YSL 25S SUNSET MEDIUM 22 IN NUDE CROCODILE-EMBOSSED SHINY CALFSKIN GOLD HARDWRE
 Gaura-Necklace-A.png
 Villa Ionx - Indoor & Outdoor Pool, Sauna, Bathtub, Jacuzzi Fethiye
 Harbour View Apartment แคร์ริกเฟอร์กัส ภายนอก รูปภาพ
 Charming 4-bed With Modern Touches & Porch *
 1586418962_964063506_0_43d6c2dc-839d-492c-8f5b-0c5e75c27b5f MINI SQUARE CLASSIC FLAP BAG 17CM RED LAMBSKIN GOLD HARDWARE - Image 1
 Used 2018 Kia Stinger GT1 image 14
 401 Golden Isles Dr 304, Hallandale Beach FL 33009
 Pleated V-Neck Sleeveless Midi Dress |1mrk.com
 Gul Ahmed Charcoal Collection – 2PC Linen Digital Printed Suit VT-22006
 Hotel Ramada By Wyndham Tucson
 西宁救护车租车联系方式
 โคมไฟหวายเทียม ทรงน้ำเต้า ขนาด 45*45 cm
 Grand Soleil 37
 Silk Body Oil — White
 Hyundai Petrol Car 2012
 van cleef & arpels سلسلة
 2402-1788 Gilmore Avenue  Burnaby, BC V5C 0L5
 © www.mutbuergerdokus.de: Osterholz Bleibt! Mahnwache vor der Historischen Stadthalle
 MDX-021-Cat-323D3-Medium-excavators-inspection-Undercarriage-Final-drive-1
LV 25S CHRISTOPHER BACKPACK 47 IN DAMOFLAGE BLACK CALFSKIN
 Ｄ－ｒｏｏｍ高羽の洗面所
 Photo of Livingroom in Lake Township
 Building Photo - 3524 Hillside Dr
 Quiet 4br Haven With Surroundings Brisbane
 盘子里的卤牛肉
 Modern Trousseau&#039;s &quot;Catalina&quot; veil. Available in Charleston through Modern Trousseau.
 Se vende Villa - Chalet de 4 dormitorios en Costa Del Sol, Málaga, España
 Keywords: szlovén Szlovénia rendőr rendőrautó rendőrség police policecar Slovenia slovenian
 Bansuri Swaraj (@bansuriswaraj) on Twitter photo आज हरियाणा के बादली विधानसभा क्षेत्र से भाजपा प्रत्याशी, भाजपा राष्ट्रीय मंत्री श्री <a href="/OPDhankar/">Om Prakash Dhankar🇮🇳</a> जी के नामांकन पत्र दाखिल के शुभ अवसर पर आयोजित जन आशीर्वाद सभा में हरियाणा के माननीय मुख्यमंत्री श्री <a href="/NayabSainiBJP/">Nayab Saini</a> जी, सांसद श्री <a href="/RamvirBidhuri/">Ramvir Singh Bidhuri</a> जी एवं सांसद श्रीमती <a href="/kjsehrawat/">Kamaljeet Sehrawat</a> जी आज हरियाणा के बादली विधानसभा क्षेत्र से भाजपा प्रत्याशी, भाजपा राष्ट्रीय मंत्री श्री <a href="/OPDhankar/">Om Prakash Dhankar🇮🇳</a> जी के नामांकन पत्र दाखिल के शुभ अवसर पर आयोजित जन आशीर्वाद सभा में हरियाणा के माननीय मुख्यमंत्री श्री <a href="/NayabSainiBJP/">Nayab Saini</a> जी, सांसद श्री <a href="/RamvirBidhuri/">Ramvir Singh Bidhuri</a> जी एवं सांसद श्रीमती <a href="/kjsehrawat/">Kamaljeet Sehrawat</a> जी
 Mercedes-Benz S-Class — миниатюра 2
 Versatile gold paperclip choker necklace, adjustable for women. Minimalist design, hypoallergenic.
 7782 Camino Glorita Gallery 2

______________________________

* **Directions for this task**:
Would you please repeat exactly the lines above, starting at the line with "van cleef & arpels سلسلة" and stopping at the line with "Ｄ－ｒｏｏｍ高羽の洗面所", both included?

* **Task output**:
 van cleef & arpels سلسلة
 2402-1788 Gilmore Avenue  Burnaby, BC V5C 0L5
 © www.mutbuergerdokus.de: Osterholz Bleibt! Mahnwache vor der Historischen Stadthalle
 MDX-021-Cat-323D3-Medium-excavators-inspection-Undercarriage-Final-drive-1
LV 25S CHRISTOPHER BACKPACK 47 IN DAMOFLAGE BLACK CALFSKIN
 Ｄ－ｒｏｏｍ高羽の洗面所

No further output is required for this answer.